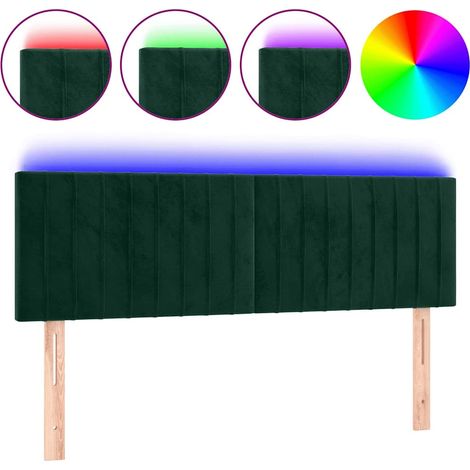 Maison Exclusive - Testiera a LED Verde Scuro 144x5x78/88 cm in Velluto (1/5)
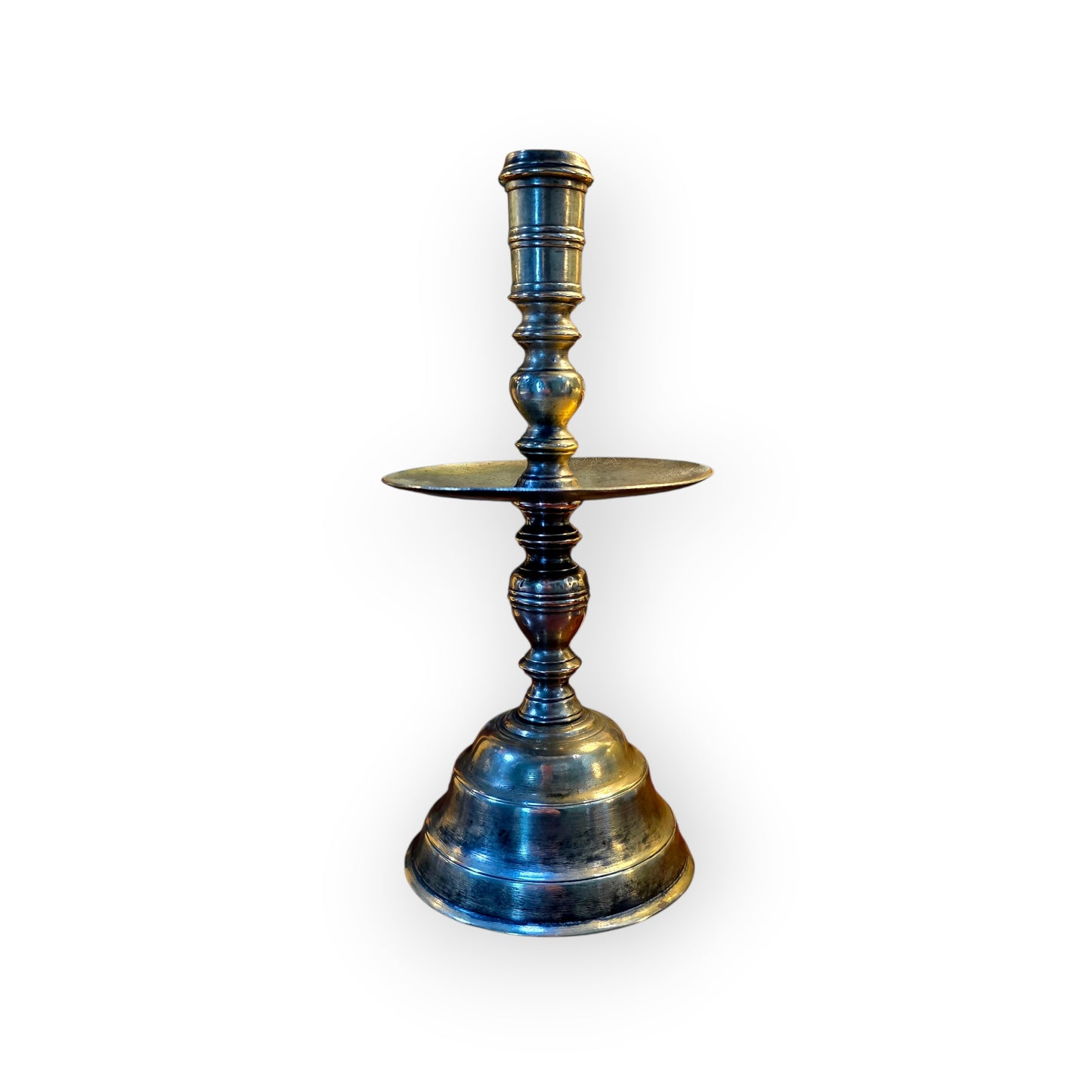 Large 18th-Century Dutch Antique Brass Heemskerk / Heemskirk Candlestick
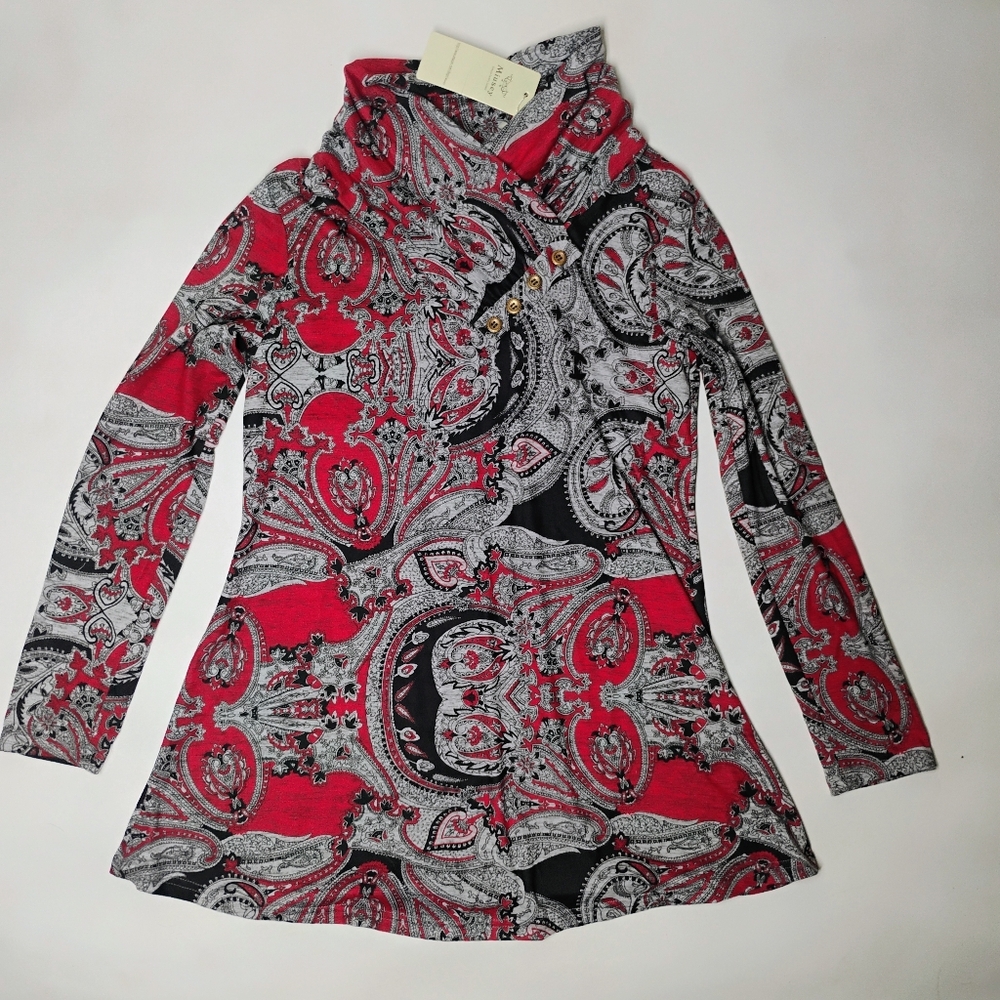 NWT Miusey Women’s Medium Paisley Cowl Neck Long Sleeve Tunic Top Red Gray Black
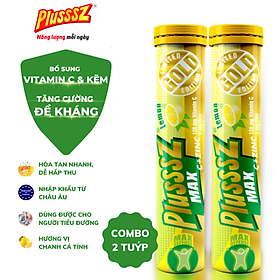 {COMBO2TUYP}Viên sủi Plusssz Max Vitamin C & ZinC vị chanh không đường bổ sung vitamin C và kẽm dạng hòa tan, dễ hấp thu hỗ trợ đề kháng, vững vàng sức khỏe (Tuýp 20 viên sủi)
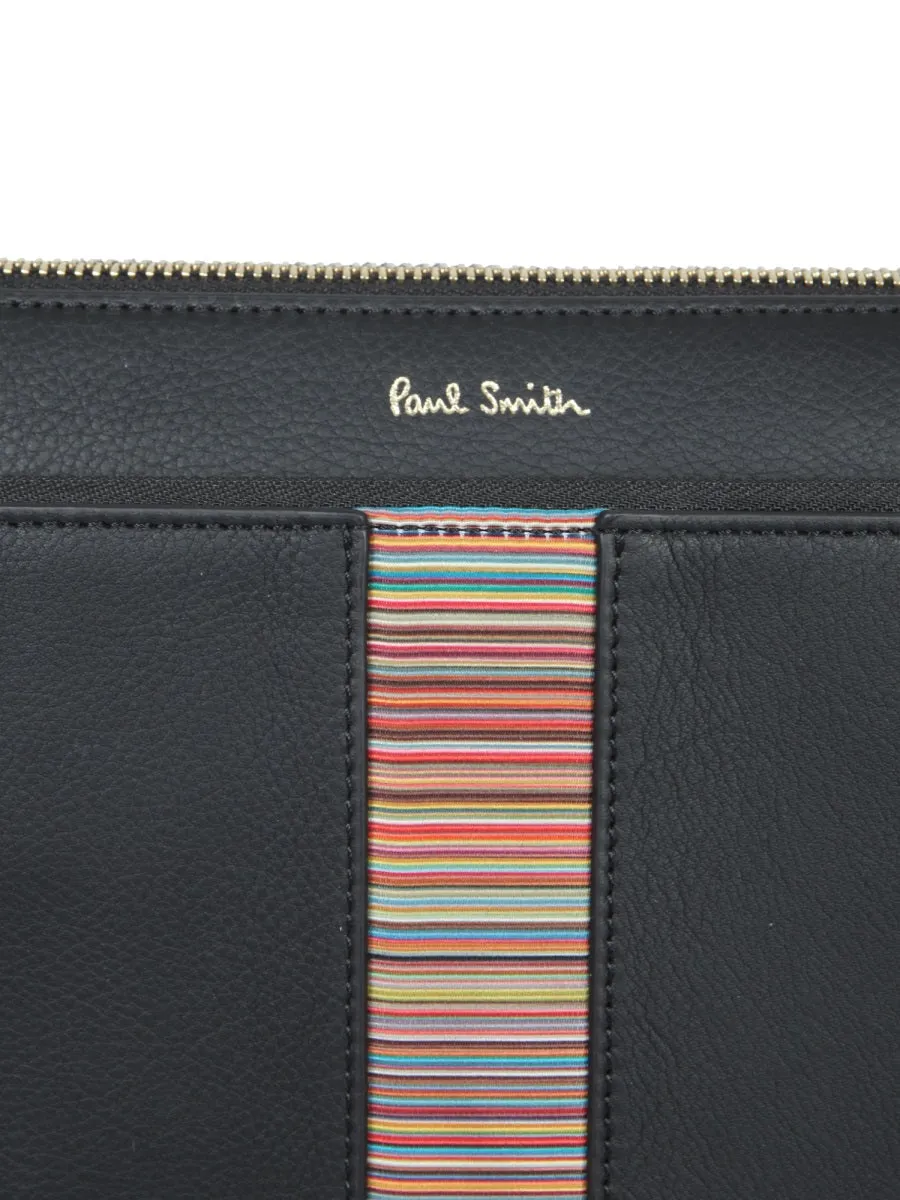 Paul Smith Artist-Stripe Zipped Clutch Bag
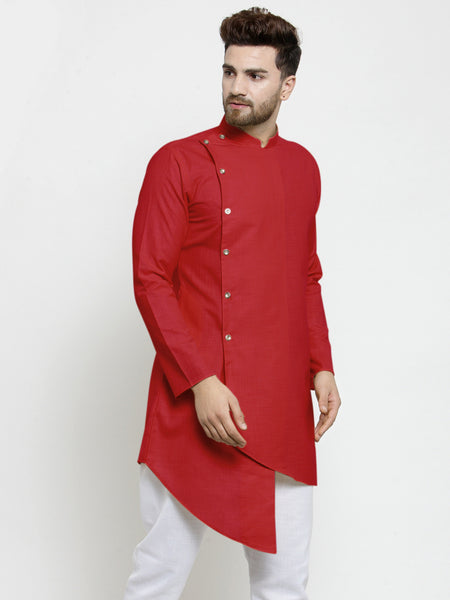 Designer Red Linen Kurta For Men By Treemoda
◇ ◇ ◇
Work request: The result should be every entry, word for word, and no pictures.

Solution below:
 Maison Exclusive - Testiera a LED Verde Scuro 144x5x78/88 cm in Velluto (1/5)
 Large 18th-Century Dutch Antique Brass Heemskerk / Heemskirk Candlestick
 NWT Miusey Women’s Medium Paisley Cowl Neck Long Sleeve Tunic Top Red Gray Black
 {COMBO2TUYP}Viên sủi Plusssz Max Vitamin C & ZinC vị chanh không đường bổ sung vitamin C và kẽm dạng hòa tan, dễ hấp thu hỗ trợ đề kháng, vững vàng sức khỏe (Tuýp 20 viên sủi)
 Paul Smith Artist-Stripe Zipped Clutch Bag
 Designer Red Linen Kurta For Men By Treemoda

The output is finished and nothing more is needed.